A glance at the characteristic spectra of these four elements suggests that with Va = 40kV only a barium-containing target will emit X-rays energetic enough to escape through the anode bell and the glass envelope. Increasing the anode voltage from c. 38kV to c. 55kV will increase the output fluence of the barium target - the quantity of rays - but will not increase their penetrating power at all. Increasing Va to 65kV will produce little significant increase in penetration, as the graph makes clear. But the extra energy imparted to the electrons will be dissipated as heat in the fragile barium target, and very likely ruin it.
Strontium target: feeble bremmstrahlung and main peak below 15keV
Calcium target: assorted weak peaks over 20keV - a possible contender, but not very likely.
Zn target: feeble bremmstrahlung and peak below 10keV.
Now if you were to gradually reduce the tube voltage to 30kV, if there was a sudden fall in X-ray output once those Ba peaks are past, it would support the barium hypothesis.
The light source may be due to incandescence, as of calcium limelight.
Field Emission is a type of quantum tunneling which occurs at points of very high charge density - as in the needle and flat plate type of cold cathode X-ray source. The needle model goes right down to the nano-scale, with field emission cathodes made of carbon nanotubes now being used in sub-miniature X-ray sources the size of a grain of rice.
This macro image shows a number of sharp points on the anode spot weld:
Notice strong shadows of the weld spikes in upper right quadrant of photomicrograph below:
x40 new
Here are photomicrographs of the anode bell coating at x80 and x200.
x80. Notice volcanic crater with three gas vents in the upper left quadrant. Also diagonal fissure below it. [color]re-done
x200 Note gold-coloured inclusions of unknown significance new
The cathode tube, and its supports, are made of a magnetic metal. The damage to the oxide coat was done by Spencer-Wells forceps.
Cathode bare metal tip
x40.
The tungsten-molybdenum alloy heater is insulated with either aluminium oxide - aluminia - or beryllium oxide - beryllia - HAZARD! - but may contain small quantities of other refractory materials necessary to the coating process.* The 2X2As folded heater design was simpler and less expensive to produce than the double helix kind. The rust-coloured markings suggest the presence of iron.
x40
*Shaw GR, Shardlow LR, Heaters & Heater-Cathode Insulation,Vacuum Tube Design, RCA, Privately Printed, 1940, p. 24 et seq.
*Lederer, LE, Filaments and Cathodes Part II, Lecture 2, Vacuum Tube Design, p.11 et seq. Privately printed, RCA, 1940.
Registered Member #543
Joined: Tue Feb 20 2007, 04:26PM
Location: UK
Posts: 4992
radhoo wrote ...
do you have a microscope adapter for your SLR?
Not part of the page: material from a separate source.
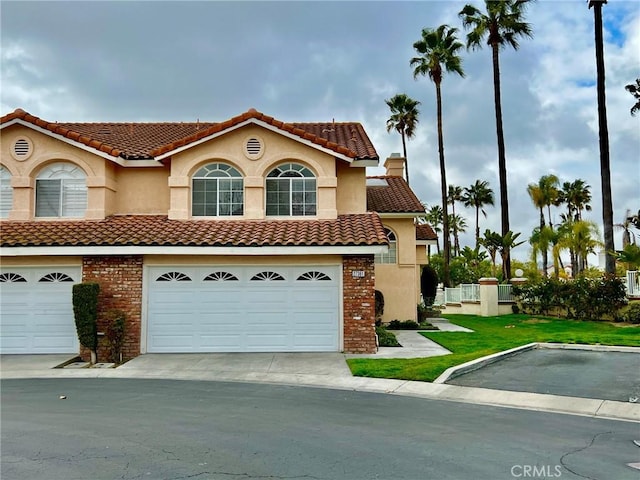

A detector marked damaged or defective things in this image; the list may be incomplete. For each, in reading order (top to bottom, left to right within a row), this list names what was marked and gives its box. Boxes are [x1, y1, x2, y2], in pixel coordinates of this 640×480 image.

I do have a microscope adapter for my DSLR, but didn't use it for the photomicrographs above, which I took using a 3MP digital eyepiece adapter in a Vickers metallurgical microscope.
Looking at the images in the cold light of day, I can see all their faults, and will replace them one by one with examples of better quality, when I can find the time. I am marking re-done and new images as "redone" and "new" in red.
LE: My own knowledge of chemistry goes little further than mixing up powders to keep slugs out of the cabbages, so I wish you luck with this chemical analysis. But I completely agree that we should try to find a verifiable explanation for 2X2's superior performance compared with PD500, 6BK4B etc.
Registered Member #30
Joined: Fri Feb 03 2006, 10:52AM
Location: Glasgow, Scotland
Posts: 6706
A very interesting project! :)
The pinhole camera might be worth a try. The "camera" of course is simply a lead sheet with a small hole poked in it. The instructions I saw for making it were to bash an indent in the sheet with a hammer and punch, then cut/file off the little bump that appears on the other side.
From looking at your results, the tube seems to have two point sources inside it. It would be interesting to get a pinhole camera picture of them.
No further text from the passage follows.